Failed to open MODIS .hdf4 files

Hello everyone!
Second day in a row I’m trying to read .hdf4 MODIS products with no success. I use open_rasterio function from rioxarray library in Python and get following error: “not recognized as a supported file format”.

data = rioxarray.open_rasterio('MYD09A1.A2018361.h20v03.006.2019010171535.hdf',  masked=True)

I’ve tried this command with no results as well:
pip3 install rasterio --force-reinstall --no-binary rasterio

I’d also found out that I try to open an hdf4 file from the command line through $gdalinfo, I got the same error. Then I tried to update gdal. Nothing changes. As I understand gdal and rioxarray libraries are somehow connect, so may be solution is here.

Does anyone know what’s wrong? It’s my first time working with such files, so I have no other choice, but to ask here.
My OS: Fedora 35
Gdal version - 3.3.2 (3.3 doesn’t work as well)

1 Like

Can you post the full traceback you see?

And can you share how you’re accessing the data?

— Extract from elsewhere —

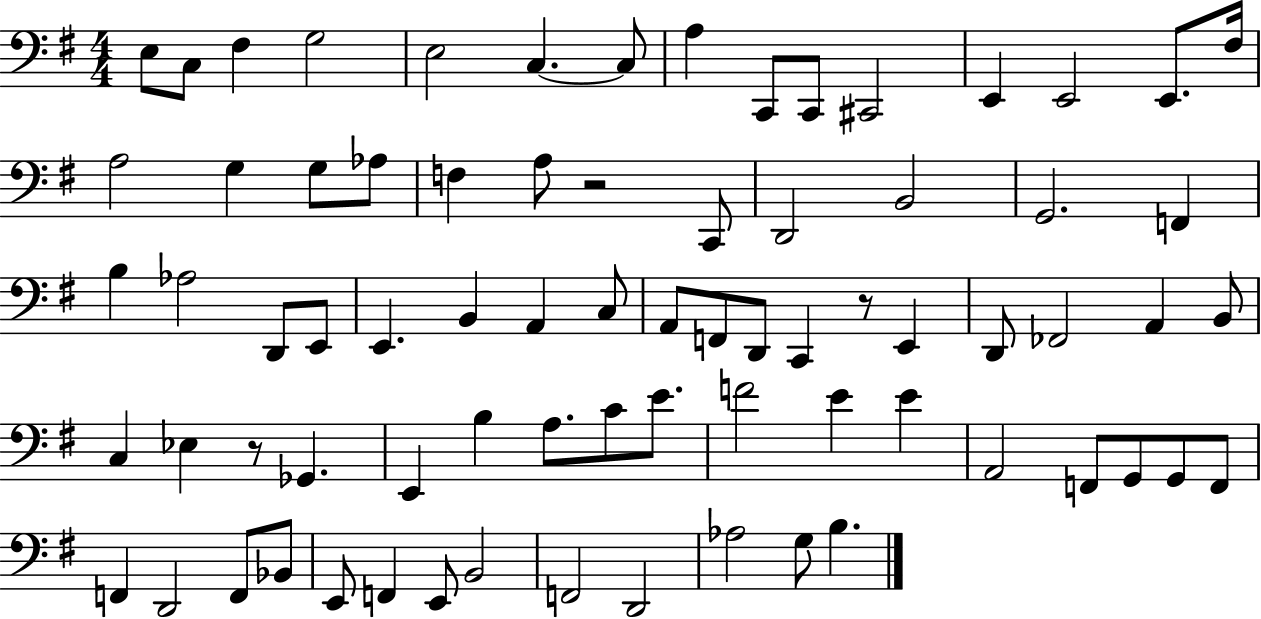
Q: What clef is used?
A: bass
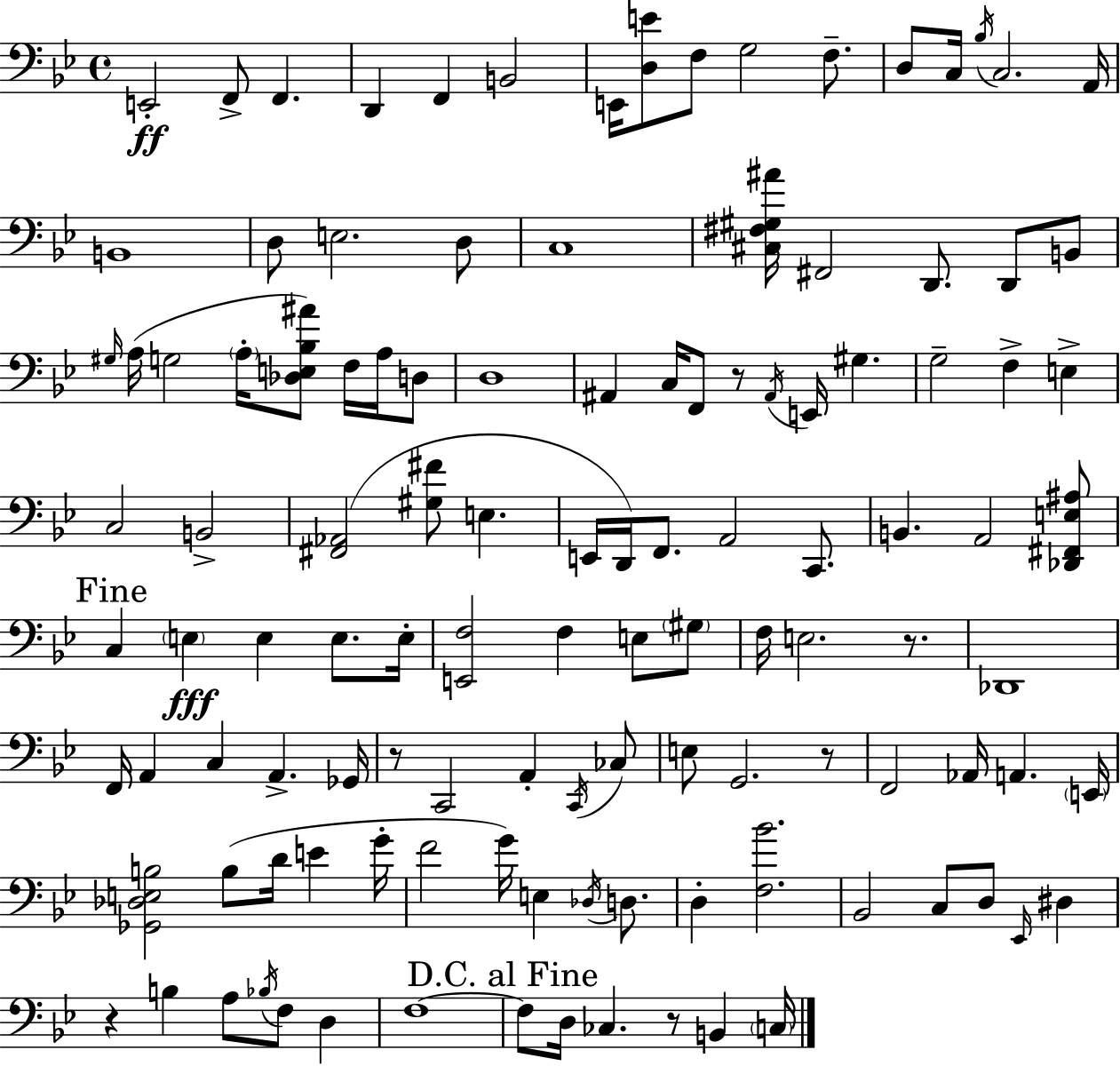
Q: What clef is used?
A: bass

I’m able to read the MODIS HDF files from the Planetary Computer (these are version 0.6.1, rather than 0.6.0emphasized text)

import xarray as xr
import planetary_computer
import pystac
import urllib.request
import rioxarray

item = planetary_computer.sign(
    pystac.read_file("https://planetarycomputer.microsoft.com/api/stac/v1/collections/modis-09A1-061/items/MYD09A1.A2022321.h35v10.061.2022330082933")
)
filename, _ = urllib.request.urlretrieve(item.assets["hdf"].href)
print(rioxarray.open_rasterio(filename))

which outputs

<xarray.Dataset>
Dimensions:               (band: 1, x: 2400, y: 2400)
Coordinates:
  * band                  (band) int64 1
  * x                     (x) float64 1.89e+07 1.89e+07 ... 2.001e+07 2.001e+07
  * y                     (y) float64 -1.112e+06 -1.113e+06 ... -2.224e+06
    spatial_ref           int64 0
Data variables: (12/13)
    sur_refl_b01          (band, y, x) int16 ...
    sur_refl_vzen         (band, y, x) int16 ...
    sur_refl_raz          (band, y, x) int16 ...
    sur_refl_state_500m   (band, y, x) uint16 ...
    sur_refl_day_of_year  (band, y, x) uint16 ...
    sur_refl_b02          (band, y, x) int16 ...
    ...                    ...
    sur_refl_b04          (band, y, x) int16 ...
    sur_refl_b05          (band, y, x) int16 ...
    sur_refl_b06          (band, y, x) int16 ...
    sur_refl_b07          (band, y, x) int16 ...
    sur_refl_qc_500m      (band, y, x) uint32 ...
    sur_refl_szen         (band, y, x) int16 ...
Attributes: (12/134)
    ASSOCIATEDINSTRUMENTSHORTNAME.1:    MODIS
    ASSOCIATEDPLATFORMSHORTNAME.1:      Aqua
    ASSOCIATEDSENSORSHORTNAME.1:        MODIS
    AUTOMATICQUALITYFLAG.1:             Passed
    AUTOMATICQUALITYFLAGEXPLANATION.1:  Always Passed
    CHARACTERISTICBINANGULARSIZE250M:   7.5
    ...                                 ...
    SPSOPARAMETERS:                     2015
    SYSTEMFILENAME:                     MYD09GQ.A2022321.h35v10.061.202232303...
    TileID:                             51035010
    VERSIONID:                          61
    VERTICALTILENUMBER:                 10
    WESTBOUNDINGCOORDINATE:             172.622524004598
2 Likes

Yes, sure, this is the traceback:

KeyError                                  Traceback (most recent call last)
File ~/.local/lib/python3.10/site-packages/xarray/backends/file_manager.py:209, in CachingFileManager._acquire_with_cache_info(self, needs_lock)
    208 try:
--> 209     file = self._cache[self._key]
    210 except KeyError:

File ~/.local/lib/python3.10/site-packages/xarray/backends/lru_cache.py:55, in LRUCache.__getitem__(self, key)
     54 with self._lock:
---> 55     value = self._cache[key]
     56     self._cache.move_to_end(key)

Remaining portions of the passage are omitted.